Every line from the one bearing "Photo - 335 S Garrard St" through the last line of the records below is to be output exactly, and no other line; leave out the pictures.

╭─ DATA SHOWN

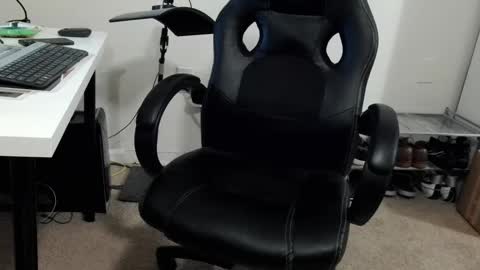 Full Sender online show from February 18, 2025, 2:05 am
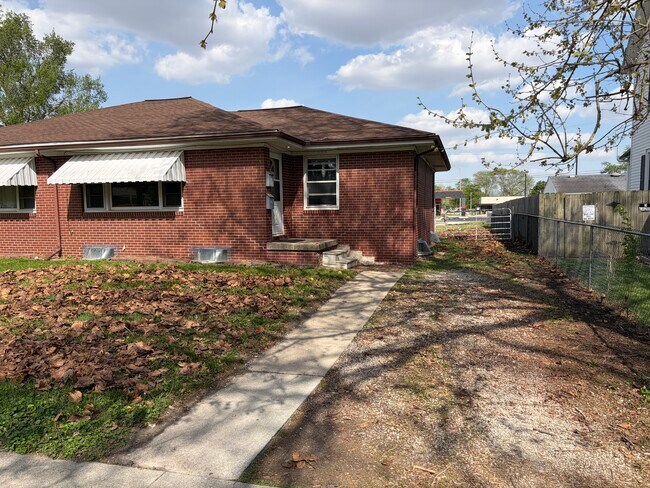 Photo - 335 S Garrard St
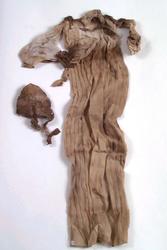 Hodebekledning, lue, kjole, liksvøp,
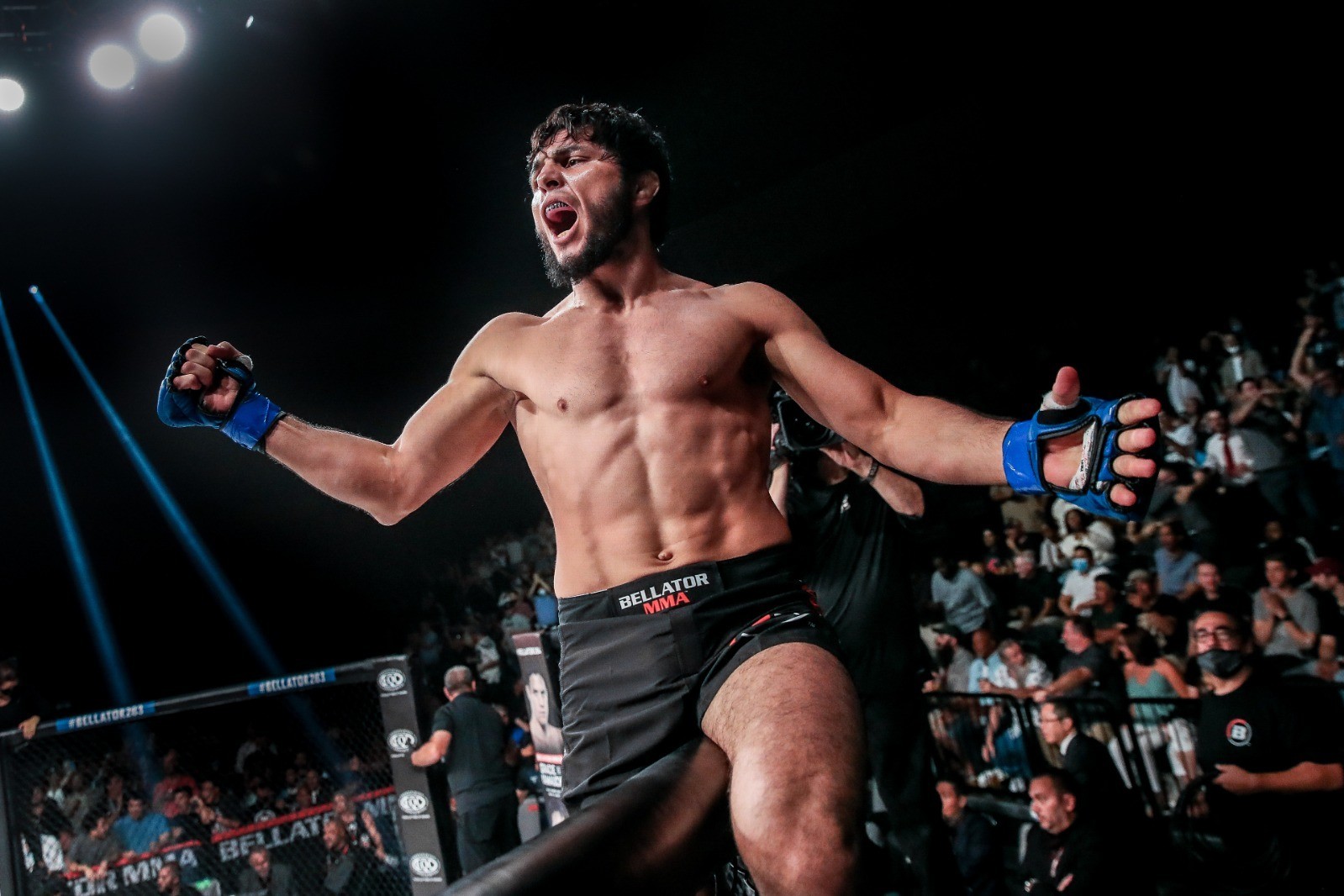 "Bellator" обнародовал полный кард турнира в Белфасте. Тофик Мусаев в списке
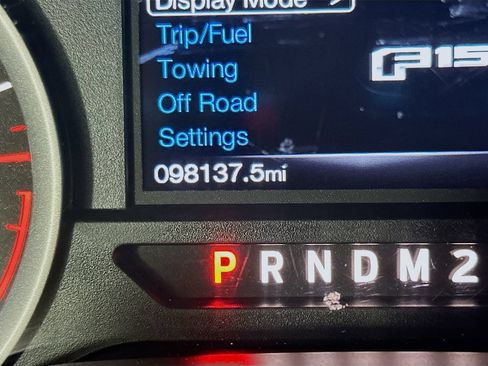 Used 2017 Ford F150 XLT w/ Equipment Group 301A Mid AWD/4WD image 10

╰─

SOLUTION —
 Photo - 335 S Garrard St
 Hodebekledning, lue, kjole, liksvøp,
 "Bellator" обнародовал полный кард турнира в Белфасте. Тофик Мусаев в списке
 Used 2017 Ford F150 XLT w/ Equipment Group 301A Mid AWD/4WD image 10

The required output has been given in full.